DataDesk1

The Central Limit Theorem

You should have gone through the Central Limit Demonstration material before beginning this exercise. Will your machine explode if you haven't? No, but I think this will make more sense if you follow the sequence.

  1. Manip > Generate Random Numbers. Generate a uniformly distributed set of ____ values. These values will range between 0 and 1 and there should be an equal number of values in the intervals 0 - 0.1, 0.1 - 0.2, 0.2 - 0.3, ..... 0.9 - 1.0. The mean of the set should be 0.500 (the median should also be 0.500) and the standard deviation should be 0.289.

    Generate distributions with:

    50 values

    100 values

    1,000 values

    10,000

    For each distribution plot a histogram. Scale the histogram so that each bar is 0.1 units. (remember to use the triangle on the histogram to easily change the scale). For each distribution plot a normal probability plot.

    Using a table format, summaries the results for the four distributions. That is, compare the observed mean and standard deviation (remember you can use Calc > Summaries > As Variables to obtain the summary statistics - remember to also select the variable by clicking on it!) with the expected mean and standard deviation.

    Summarize, in words, your results.

  2. The central limit theorem states that the theoretical sampling distribution of the mean of independent samples, each of size n, drawn from a population with mean u and standard deviation s is approximately normal with mean u and standard deviation s divided by n1/2, the number of samples.

    Therefore, if you were to sample a uniform distribution by drawing 100 samples, compute the mean and do this 100 times, the distribution of the 100 sample means should have mean mu and standard deviation of 0.0289 (0.289 divided by the square root of 100).

    Click on the variable that contains the 10,000 uniformly distributed values. Use Manip > Sample. Select 1% (100) and repeat 100 times. Each sample in the set of 10,000 has an equal opportunity of being selected. Do not compute sample indices - click it to the off position. Select several of the resulting sets of 100 samples and view the histograms. Convince your self that the samples "look" like uniform distributed values - keeping in mind that only 100 were drawn from the population of 10,000. In this case, mu (0.500) and sigma (0.287) are the target population parameters.

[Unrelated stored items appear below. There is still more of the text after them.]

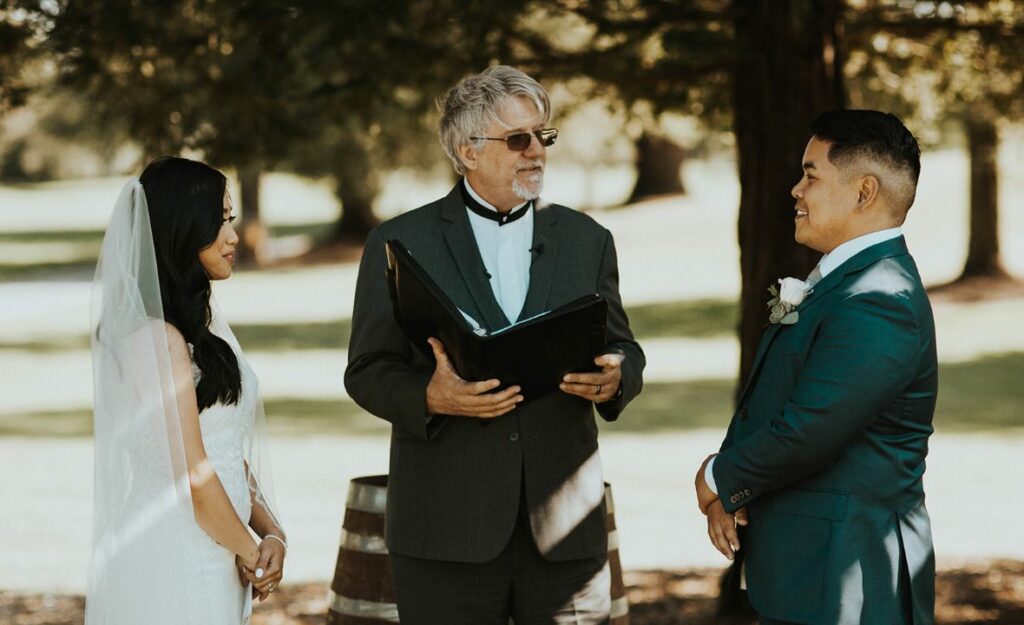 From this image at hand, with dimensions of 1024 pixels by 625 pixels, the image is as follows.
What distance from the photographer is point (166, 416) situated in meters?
3.64

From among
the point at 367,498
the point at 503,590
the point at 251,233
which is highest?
the point at 251,233

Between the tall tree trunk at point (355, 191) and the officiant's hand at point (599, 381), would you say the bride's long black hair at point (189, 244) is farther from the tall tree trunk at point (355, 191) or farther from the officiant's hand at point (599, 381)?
the tall tree trunk at point (355, 191)

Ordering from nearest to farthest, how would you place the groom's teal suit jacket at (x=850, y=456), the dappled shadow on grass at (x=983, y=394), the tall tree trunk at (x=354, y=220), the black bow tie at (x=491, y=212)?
1. the groom's teal suit jacket at (x=850, y=456)
2. the black bow tie at (x=491, y=212)
3. the dappled shadow on grass at (x=983, y=394)
4. the tall tree trunk at (x=354, y=220)

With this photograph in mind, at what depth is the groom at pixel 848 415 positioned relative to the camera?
3.52 meters

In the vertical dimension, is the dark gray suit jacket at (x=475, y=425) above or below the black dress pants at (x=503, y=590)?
above

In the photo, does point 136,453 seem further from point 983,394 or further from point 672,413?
point 983,394

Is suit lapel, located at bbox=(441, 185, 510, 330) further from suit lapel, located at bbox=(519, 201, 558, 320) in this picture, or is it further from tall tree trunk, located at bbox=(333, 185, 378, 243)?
tall tree trunk, located at bbox=(333, 185, 378, 243)

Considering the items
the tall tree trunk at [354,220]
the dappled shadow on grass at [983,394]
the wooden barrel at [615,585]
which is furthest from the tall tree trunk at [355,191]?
the wooden barrel at [615,585]

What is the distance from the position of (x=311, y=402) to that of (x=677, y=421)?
4577 mm

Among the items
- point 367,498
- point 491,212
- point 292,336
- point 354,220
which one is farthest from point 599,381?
point 354,220

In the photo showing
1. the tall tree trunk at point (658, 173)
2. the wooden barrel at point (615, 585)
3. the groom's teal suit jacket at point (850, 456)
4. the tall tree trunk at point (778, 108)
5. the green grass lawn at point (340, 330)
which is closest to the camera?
the groom's teal suit jacket at point (850, 456)

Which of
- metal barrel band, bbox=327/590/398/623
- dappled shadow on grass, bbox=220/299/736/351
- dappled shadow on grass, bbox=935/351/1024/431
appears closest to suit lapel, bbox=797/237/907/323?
metal barrel band, bbox=327/590/398/623

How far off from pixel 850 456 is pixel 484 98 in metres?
1.59

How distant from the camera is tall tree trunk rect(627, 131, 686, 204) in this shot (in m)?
42.0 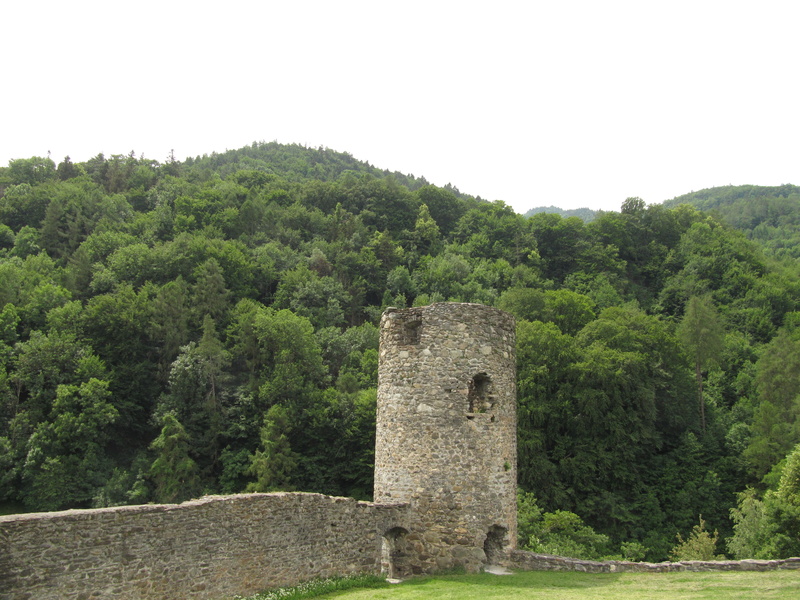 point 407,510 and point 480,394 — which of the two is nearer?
point 407,510

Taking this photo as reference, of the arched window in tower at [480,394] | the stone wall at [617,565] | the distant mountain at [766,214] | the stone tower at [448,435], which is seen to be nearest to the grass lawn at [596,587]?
the stone wall at [617,565]

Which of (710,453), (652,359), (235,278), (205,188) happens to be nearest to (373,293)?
(235,278)

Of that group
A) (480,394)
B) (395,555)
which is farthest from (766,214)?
(395,555)

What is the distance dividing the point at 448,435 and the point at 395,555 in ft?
8.67

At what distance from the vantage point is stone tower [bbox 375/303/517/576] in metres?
13.9

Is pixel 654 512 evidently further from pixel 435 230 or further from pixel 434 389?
pixel 435 230

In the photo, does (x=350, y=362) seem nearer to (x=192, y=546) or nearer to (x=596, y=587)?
(x=596, y=587)

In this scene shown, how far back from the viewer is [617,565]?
14500mm

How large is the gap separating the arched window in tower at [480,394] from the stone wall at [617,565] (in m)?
2.99

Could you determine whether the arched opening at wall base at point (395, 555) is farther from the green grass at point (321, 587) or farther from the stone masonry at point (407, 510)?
the green grass at point (321, 587)

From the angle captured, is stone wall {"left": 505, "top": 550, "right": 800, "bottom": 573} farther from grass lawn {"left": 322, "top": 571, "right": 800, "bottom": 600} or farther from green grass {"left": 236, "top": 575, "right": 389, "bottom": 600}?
green grass {"left": 236, "top": 575, "right": 389, "bottom": 600}

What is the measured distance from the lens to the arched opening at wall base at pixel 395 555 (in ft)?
45.6

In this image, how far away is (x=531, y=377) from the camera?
128ft

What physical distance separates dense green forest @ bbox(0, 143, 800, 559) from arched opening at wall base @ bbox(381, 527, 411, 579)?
12.3 metres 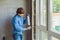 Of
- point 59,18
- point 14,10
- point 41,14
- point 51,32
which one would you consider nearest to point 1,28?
point 14,10

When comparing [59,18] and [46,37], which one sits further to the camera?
[46,37]

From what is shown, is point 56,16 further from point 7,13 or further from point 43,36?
point 7,13

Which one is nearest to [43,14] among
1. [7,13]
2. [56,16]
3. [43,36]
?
[43,36]

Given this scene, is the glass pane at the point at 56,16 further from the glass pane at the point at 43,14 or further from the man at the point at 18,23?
the man at the point at 18,23

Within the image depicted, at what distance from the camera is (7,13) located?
4.84 metres

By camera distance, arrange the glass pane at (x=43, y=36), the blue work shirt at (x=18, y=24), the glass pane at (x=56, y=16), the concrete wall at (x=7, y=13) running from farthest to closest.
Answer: the concrete wall at (x=7, y=13) → the blue work shirt at (x=18, y=24) → the glass pane at (x=43, y=36) → the glass pane at (x=56, y=16)

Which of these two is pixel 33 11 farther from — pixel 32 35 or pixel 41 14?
pixel 32 35

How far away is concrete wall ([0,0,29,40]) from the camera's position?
482 cm

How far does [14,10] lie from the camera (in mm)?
4898

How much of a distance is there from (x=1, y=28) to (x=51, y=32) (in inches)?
72.5

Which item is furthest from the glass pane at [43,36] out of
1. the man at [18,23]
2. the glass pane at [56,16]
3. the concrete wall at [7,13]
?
the concrete wall at [7,13]

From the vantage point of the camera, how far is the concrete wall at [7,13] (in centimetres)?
482

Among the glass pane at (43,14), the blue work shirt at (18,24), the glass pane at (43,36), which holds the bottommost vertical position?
the glass pane at (43,36)

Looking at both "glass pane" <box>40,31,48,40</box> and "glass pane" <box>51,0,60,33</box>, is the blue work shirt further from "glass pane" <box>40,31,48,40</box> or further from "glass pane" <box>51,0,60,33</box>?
"glass pane" <box>51,0,60,33</box> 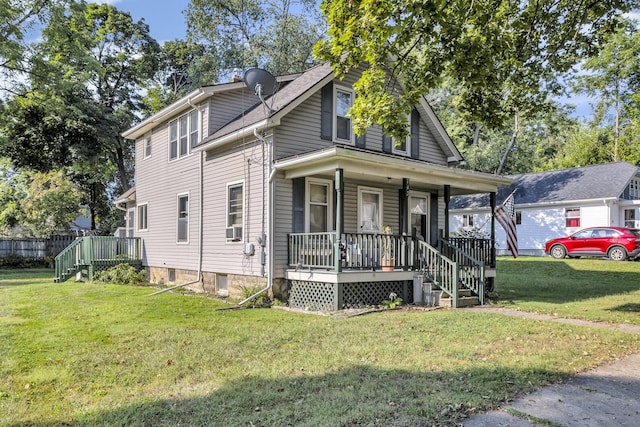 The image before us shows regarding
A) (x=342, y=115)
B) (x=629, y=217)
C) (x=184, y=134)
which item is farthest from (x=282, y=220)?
(x=629, y=217)

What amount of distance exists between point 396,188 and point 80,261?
39.5 ft

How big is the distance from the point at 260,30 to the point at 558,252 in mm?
21660

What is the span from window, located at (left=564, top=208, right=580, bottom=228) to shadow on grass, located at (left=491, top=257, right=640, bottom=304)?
18.4ft

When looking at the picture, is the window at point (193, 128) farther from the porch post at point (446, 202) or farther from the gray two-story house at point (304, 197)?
the porch post at point (446, 202)

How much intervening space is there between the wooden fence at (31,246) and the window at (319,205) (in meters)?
20.3

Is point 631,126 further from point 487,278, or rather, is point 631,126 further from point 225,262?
point 225,262

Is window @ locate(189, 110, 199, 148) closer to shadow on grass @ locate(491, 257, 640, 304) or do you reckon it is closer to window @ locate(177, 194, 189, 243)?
window @ locate(177, 194, 189, 243)

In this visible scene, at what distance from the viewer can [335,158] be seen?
30.4 feet

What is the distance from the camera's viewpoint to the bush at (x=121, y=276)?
15.3m

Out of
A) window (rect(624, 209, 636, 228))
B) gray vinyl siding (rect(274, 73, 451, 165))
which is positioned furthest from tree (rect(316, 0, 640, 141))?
window (rect(624, 209, 636, 228))

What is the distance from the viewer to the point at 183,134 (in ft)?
48.3

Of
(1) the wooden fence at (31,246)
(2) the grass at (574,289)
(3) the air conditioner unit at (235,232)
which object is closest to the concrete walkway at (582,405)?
(2) the grass at (574,289)

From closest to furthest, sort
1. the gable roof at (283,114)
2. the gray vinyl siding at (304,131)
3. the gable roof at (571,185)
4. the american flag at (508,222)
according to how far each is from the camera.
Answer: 1. the gable roof at (283,114)
2. the gray vinyl siding at (304,131)
3. the american flag at (508,222)
4. the gable roof at (571,185)

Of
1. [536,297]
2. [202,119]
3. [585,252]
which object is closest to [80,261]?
[202,119] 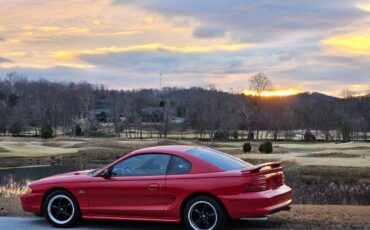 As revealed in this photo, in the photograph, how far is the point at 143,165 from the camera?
30.0 ft

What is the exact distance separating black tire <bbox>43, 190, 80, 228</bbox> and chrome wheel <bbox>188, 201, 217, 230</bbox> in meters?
2.10

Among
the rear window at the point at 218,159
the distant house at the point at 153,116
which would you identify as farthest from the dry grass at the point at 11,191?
the distant house at the point at 153,116

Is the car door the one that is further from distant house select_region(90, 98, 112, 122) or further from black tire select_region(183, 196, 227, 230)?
distant house select_region(90, 98, 112, 122)

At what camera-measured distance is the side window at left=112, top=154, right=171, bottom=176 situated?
9.00 metres

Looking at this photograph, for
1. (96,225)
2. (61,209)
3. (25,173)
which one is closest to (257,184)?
(96,225)

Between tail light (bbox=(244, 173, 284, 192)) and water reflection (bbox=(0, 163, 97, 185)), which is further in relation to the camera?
water reflection (bbox=(0, 163, 97, 185))

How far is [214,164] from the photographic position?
8742 mm

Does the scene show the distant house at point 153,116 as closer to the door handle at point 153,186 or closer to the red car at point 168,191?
the red car at point 168,191

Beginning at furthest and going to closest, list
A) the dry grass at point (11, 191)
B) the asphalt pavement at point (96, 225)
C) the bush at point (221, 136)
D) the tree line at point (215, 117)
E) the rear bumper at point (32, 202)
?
1. the tree line at point (215, 117)
2. the bush at point (221, 136)
3. the dry grass at point (11, 191)
4. the rear bumper at point (32, 202)
5. the asphalt pavement at point (96, 225)

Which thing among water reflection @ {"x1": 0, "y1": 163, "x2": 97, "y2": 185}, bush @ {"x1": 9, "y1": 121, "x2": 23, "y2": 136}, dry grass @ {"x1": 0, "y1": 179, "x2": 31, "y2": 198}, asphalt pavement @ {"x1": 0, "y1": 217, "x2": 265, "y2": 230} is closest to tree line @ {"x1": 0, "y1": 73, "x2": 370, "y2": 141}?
bush @ {"x1": 9, "y1": 121, "x2": 23, "y2": 136}

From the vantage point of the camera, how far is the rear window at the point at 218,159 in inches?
347

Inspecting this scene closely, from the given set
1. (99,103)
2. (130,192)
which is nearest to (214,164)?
(130,192)

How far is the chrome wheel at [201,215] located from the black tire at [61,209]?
2104mm

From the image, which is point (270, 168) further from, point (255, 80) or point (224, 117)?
point (255, 80) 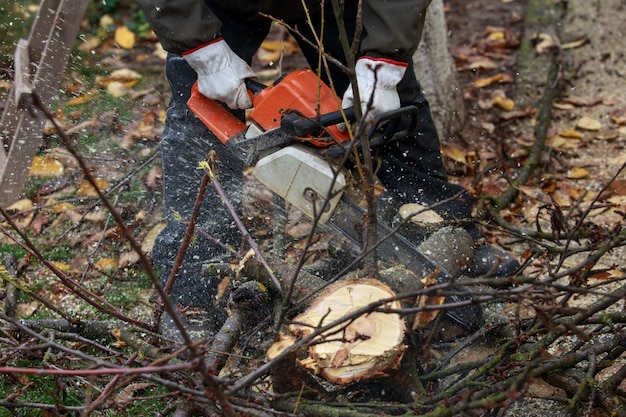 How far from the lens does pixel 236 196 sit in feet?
10.6

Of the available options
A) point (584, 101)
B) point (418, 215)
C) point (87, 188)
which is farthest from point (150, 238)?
point (584, 101)

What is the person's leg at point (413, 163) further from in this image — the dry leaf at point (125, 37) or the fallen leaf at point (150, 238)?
the dry leaf at point (125, 37)

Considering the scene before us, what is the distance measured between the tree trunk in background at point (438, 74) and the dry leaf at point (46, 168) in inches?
83.0

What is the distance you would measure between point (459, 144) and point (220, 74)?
1795 mm

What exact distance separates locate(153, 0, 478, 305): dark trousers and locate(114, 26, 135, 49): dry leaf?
250 centimetres

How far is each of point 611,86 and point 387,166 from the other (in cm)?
205

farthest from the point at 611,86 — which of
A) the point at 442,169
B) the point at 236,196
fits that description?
the point at 236,196

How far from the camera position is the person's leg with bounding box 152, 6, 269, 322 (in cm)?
312

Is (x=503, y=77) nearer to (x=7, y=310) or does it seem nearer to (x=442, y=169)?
(x=442, y=169)

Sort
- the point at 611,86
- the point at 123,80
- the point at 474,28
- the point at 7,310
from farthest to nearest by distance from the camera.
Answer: the point at 474,28 → the point at 123,80 → the point at 611,86 → the point at 7,310

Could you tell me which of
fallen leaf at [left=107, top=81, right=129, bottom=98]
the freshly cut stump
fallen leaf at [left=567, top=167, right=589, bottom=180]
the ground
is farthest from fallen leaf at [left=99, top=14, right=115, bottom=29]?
the freshly cut stump

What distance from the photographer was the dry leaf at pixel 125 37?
18.1 feet

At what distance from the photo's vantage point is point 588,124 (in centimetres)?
418

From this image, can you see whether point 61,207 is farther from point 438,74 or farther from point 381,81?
point 438,74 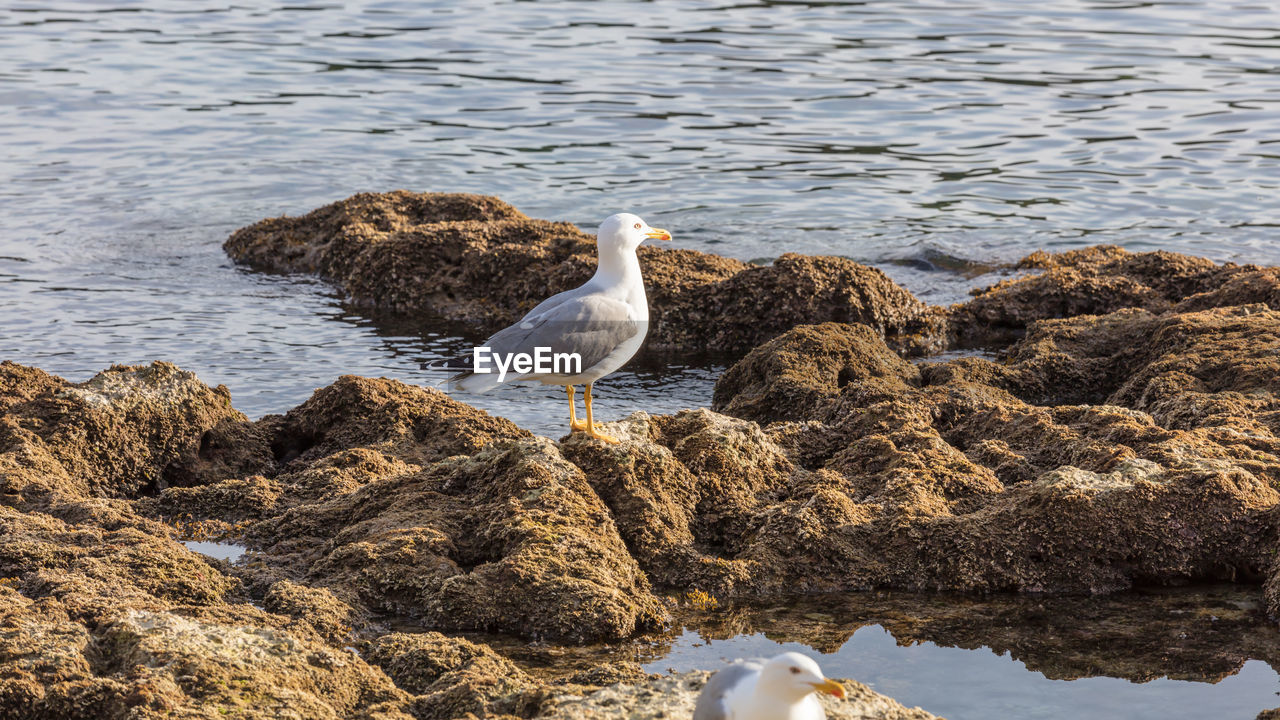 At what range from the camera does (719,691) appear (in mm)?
3387

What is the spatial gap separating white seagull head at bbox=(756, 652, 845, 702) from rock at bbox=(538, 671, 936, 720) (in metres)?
0.54

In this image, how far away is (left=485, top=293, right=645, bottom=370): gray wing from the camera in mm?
5773

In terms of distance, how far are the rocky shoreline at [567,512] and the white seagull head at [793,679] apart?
1.93ft

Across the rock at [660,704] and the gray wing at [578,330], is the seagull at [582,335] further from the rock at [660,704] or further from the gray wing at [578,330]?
the rock at [660,704]

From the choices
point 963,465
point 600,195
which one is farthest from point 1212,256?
point 963,465

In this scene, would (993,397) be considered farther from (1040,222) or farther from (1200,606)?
(1040,222)

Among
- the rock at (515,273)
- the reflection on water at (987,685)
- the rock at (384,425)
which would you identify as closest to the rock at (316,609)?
the reflection on water at (987,685)

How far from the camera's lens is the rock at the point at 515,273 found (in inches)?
377

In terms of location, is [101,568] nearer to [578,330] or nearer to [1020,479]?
[578,330]

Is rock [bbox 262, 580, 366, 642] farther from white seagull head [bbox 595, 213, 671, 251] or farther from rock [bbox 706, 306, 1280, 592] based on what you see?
white seagull head [bbox 595, 213, 671, 251]

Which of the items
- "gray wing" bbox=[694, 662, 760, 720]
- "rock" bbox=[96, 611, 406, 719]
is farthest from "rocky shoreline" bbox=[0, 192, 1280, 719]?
"gray wing" bbox=[694, 662, 760, 720]

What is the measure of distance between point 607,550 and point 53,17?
22.9 m

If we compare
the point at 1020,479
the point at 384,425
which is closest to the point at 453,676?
the point at 384,425

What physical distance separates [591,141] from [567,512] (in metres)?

    Select all 100 samples by using command A (or select all). Calc > Summaries > As Variables will give vectors of the sample means and standard deviations. Plot the histogram of the sample means and compare this distribution with the target population distribution. Note that the distribution of sample means is much more restricted and that there is a "hump" in the distribution. Click on the vectors containing the sample means Calc > Summaries > As Variables will give you the mean of the sample means and the standard deviation of the sample means. Compare these two means with the expected values given above. What is the mean of the standard deviations? How does this value compare with the target population standard deviation.

    Draw 10 samples (0.1% of the total number) and repeat 100 times. What should the means of the sample means be? the standard deviation of the sample means? Is the agreement reasonable?

    Write a short paragraph in which you summarize your results. Include insight gained from the demonstration as well as from DataDesk. Comment on problems that may arise if you draw a small number (n) of samples from a target population.